Mapping the Application

The first step in attacking an application is gathering key information to understand its structure. This involves mapping its content and functionality, identifying visible and hidden features. Once mapped, the focus shifts to analyzing its security mechanisms and technologies (client-side & server-side) to pinpoint potential attack surfaces. This chapter covers practical steps, techniques, and tools to enhance application mapping efficiency.

Enumerating Content and Functionality
Most application content and functionality can be found through manual browsing by following links and navigating through features like registration or password resets. A site map, if available, can be a useful reference. However, for a thorough inspection and complete record, more advanced techniques beyond simple browsing are needed.

Web Spidering
Web spidering automates the process of discovering web application content by following links and submitting forms. Advanced spiders, like Burp Spider, can analyze JavaScript, forms, and POST requests to uncover hidden pages. However, automated spidering has limitations, such as failing to handle JavaScript menus, breaking authentication, or missing content due to unique URL structures.
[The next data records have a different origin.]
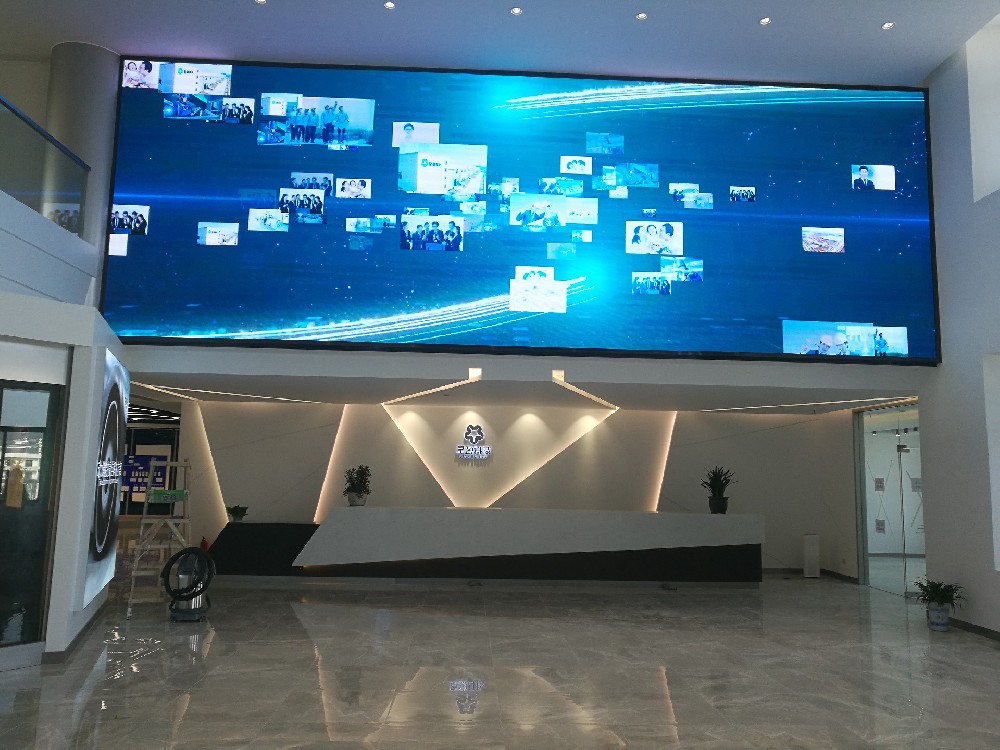 江西星盈科技有限公司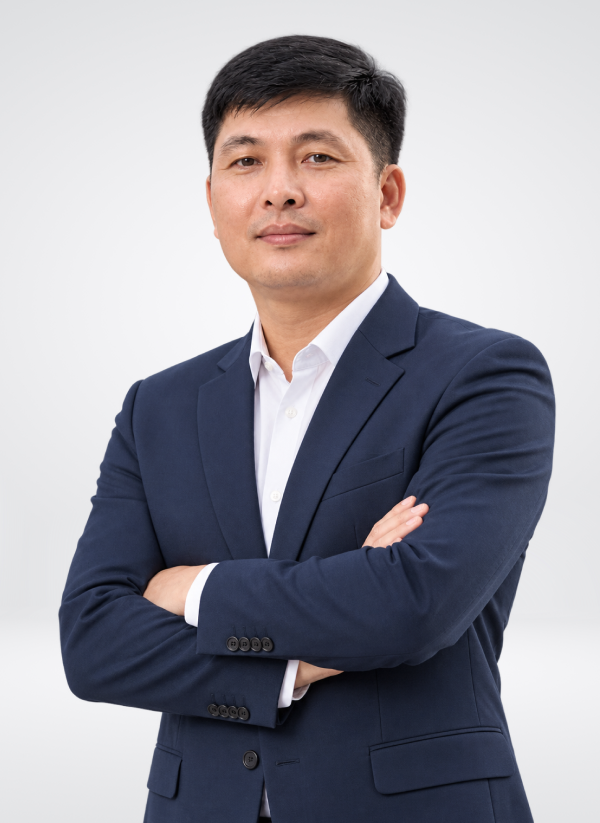 Lê Huy Nam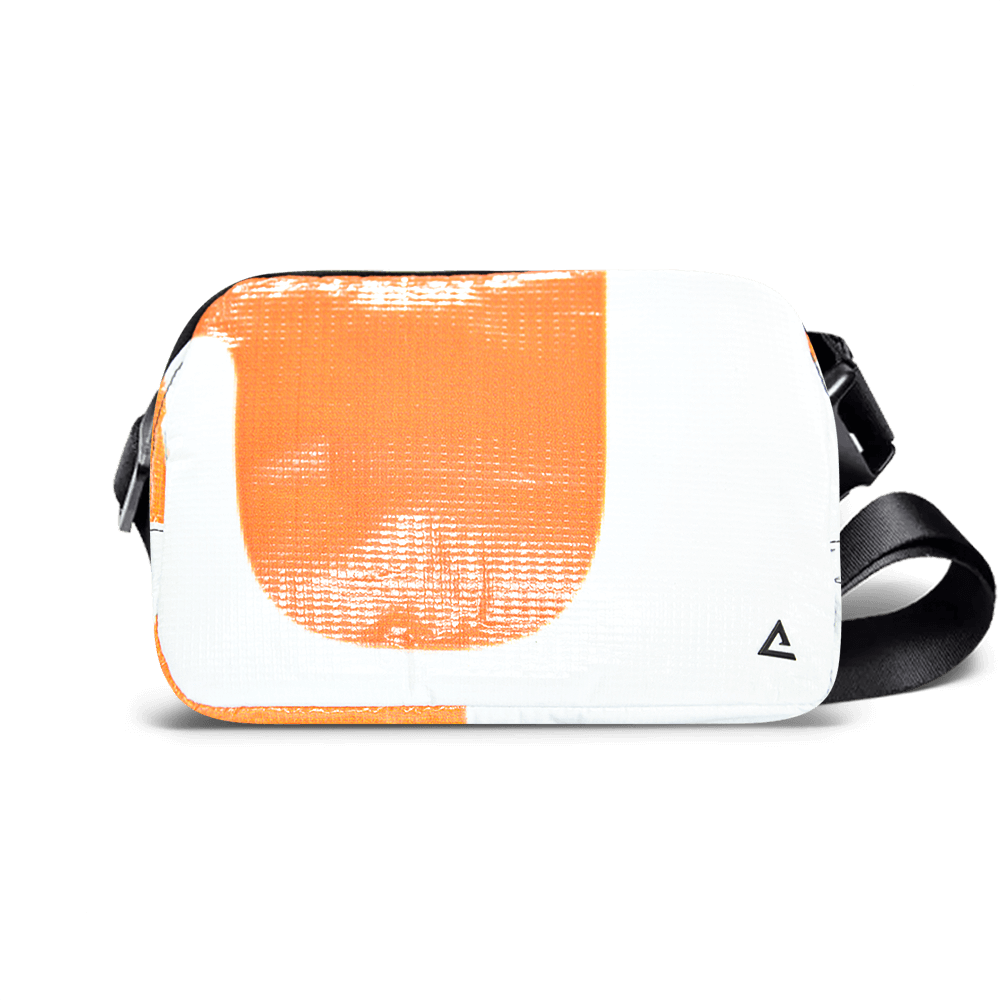 Large Zion Sling Bag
Additionally, running a spider can be risky if the application contains sensitive admin functions that can be triggered accidentally.

User-Directed Spidering
- The user manually explores the application while using a proxy tool (Burp Suite, WebScarab) to track requests and responses.
- Advantages:
  - Handles complex navigation mechanisms.
  - Ensures valid input for forms.
  - Maintains authenticated sessions.
  - Identifies sensitive functions without triggering them.
- Implementation Steps:
  1. Configure your browser to use Burp or WebScarab as a proxy.
  2. Manually browse the entire application.
  3. Review the generated site map for any missed content.
  4. Exclude risky URLs before running automated spidering.
  5. Use the gathered data to find vulnerabilities.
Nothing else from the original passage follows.